Earlier this week, Democratic politicians voiced concern about the standing and future of the court if it rescinds the right to abortion.
“Several of these conservative justices, who are in no way accountable to the American people, have lied to the US Senate, ripped up the Constitution and defiled both precedent and the Supreme Court’s reputation,” Speaker of the House of Representatives Nancy Pelosi and Senate Majority Leader Chuck Schumer, both Democrats, said in a joint statement on Tuesday.
Senator Lisa Murkowski, a moderate Republican, also told reporters that the draft decision “rocks” her “confidence” in the top court.
Alito’s draft
In his draft opinion, Alito argues that the landmark precedent must be overruled partly because the US Constitution “makes no reference to abortion”, calling for the issue to be resolved at the state level though the political process.

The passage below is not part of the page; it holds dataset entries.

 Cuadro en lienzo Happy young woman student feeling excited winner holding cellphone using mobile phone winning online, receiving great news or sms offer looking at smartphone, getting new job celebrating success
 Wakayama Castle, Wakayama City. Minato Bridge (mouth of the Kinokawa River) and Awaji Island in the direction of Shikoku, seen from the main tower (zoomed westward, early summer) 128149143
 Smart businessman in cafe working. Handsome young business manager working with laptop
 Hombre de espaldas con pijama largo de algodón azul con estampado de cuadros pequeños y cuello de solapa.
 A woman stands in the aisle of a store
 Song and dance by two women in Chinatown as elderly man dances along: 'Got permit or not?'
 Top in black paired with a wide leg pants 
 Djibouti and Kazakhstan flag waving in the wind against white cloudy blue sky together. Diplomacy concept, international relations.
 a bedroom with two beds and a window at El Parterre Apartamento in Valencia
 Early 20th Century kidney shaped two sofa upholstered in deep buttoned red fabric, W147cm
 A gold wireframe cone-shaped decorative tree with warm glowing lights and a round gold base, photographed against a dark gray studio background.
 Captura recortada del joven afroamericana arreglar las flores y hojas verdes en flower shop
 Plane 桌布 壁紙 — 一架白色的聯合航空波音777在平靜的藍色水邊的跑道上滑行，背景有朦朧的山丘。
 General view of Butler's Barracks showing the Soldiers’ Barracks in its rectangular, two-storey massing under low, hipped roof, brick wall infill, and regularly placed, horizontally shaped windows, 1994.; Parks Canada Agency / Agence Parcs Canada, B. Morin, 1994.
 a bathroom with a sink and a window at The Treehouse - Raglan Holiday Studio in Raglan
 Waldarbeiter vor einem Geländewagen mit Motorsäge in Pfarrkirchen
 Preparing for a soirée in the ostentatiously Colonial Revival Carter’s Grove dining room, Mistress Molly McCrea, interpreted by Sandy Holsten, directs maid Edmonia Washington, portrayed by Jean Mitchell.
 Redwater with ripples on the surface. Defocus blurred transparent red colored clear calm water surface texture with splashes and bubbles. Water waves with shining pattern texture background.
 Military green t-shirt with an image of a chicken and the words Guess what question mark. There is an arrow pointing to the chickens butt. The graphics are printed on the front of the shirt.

“It is time to heed the Constitution and return the issue of abortion to the people’s elected representatives,” he wrote, according to Politico’s leaked draft.
Chandra, the lawyer, dismissed both arguments, stressing that fundamental rights are protected by the Constitution to be shielded from political shifts and tyrannical majorities. “The whole point of rights is there are certain things governments can’t take away from us,” he told Al Jazeera.
“There are certain liberties the government can’t take away from us and subjecting ourselves to the prejudices of the tyrannical majority is precisely what the founders caution against. It’s why they created the Bill of Rights and why they referred specifically to unenumerated rights.”
The Bill of Rights – the first 10 amendments to the US Constitution – is meant to assert individual, legal and political rights. The Ninth Amendment states that not all rights are listed in the Constitution. It says: “The enumeration in the Constitution, of certain rights, shall not be construed to deny or disparage others retained by the people.”
Chandra added that overturning Roe and leaving abortion matters to the states would make fundamental rights unequal across the country.
“We’ll have a situation where someone in Texas is less free than someone in California, and Texas can retaliate against their own residents for daring to travel across state lines to exercise freedoms in California. That’s where this is all headed,” he said.
For her part, Goodwin said the “overwhelming majority of rights that we hold dear” are not articulated specifically in the Constitution.
“The Constitution [enshrines] equality amongst all citizens,” she said. “Women and girls are citizens of this country and are to be afforded equality; they are to be afforded substantive due process and the recognition of their fundamental rights.”
The leak
While women’s rights advocates have focused most of their anger this week on the potential overturning of Roe v Wade, Republican ire has centred on the leaking of the draft opinion, which is unprecedented.
GOP Senator Ted Cruz said he was “flabbergasted” by the leak, speculating – without offering evidence – that “some angry left-wing law clerk” is behind it.
“This is the consequence of the Democrats’ rabidly partisan effort to undermine the court, to attack the court,” he told Fox News on Tuesday.
Chandra said the leak demonstrates how politicised the court has become, but he stressed that the real story is the draft ruling itself, not the fact that it was prematurely made public. “They are shouting ‘squirrel’, trying to distract us from just how odious the opinion is,” he said.
Lynne Rambo, a professor emerita at Texas A&M University School of Law, said the leak “increases the likelihood that the court will be seen as a political institution”.
“And that’s very bad for us – because the court is supposed to be an institution that’s free of political and public pressure,” she told Al Jazeera in a TV interview.
“Whether it will affect the justices’ deliberations in this case, I think there’s not a great likelihood of that, but in the future they will be aware that they are at risk of this kind of exposure and I do think that inhibits their discussion and ability to deliberate.”